### INPUT FOR THIS TASK ###

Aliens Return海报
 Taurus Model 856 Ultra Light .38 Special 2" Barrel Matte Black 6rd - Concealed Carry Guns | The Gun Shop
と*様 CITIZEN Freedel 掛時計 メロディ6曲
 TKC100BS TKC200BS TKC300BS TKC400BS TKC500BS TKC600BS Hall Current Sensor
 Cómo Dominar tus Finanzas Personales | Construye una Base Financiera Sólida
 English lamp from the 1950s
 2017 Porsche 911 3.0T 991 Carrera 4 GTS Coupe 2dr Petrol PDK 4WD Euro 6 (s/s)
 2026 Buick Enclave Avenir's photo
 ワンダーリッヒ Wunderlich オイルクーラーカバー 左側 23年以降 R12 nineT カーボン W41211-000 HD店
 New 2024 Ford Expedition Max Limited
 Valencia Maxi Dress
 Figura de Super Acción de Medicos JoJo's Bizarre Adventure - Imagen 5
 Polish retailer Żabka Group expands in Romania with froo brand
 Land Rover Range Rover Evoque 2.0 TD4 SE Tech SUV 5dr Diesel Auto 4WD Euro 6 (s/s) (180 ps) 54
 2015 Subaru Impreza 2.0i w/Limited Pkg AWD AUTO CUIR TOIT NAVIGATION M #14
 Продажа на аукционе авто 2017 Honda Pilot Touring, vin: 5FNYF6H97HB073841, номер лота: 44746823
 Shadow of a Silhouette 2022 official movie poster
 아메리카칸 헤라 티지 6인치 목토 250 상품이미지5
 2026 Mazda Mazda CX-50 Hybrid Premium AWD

###

§ DESCRIPTION OF THE TASK:
In the entries above, copy each line that contains the string "Euro".

§ SOLUTION TO THIS EXERCISE:
 2017 Porsche 911 3.0T 991 Carrera 4 GTS Coupe 2dr Petrol PDK 4WD Euro 6 (s/s)
 Land Rover Range Rover Evoque 2.0 TD4 SE Tech SUV 5dr Diesel Auto 4WD Euro 6 (s/s) (180 ps) 54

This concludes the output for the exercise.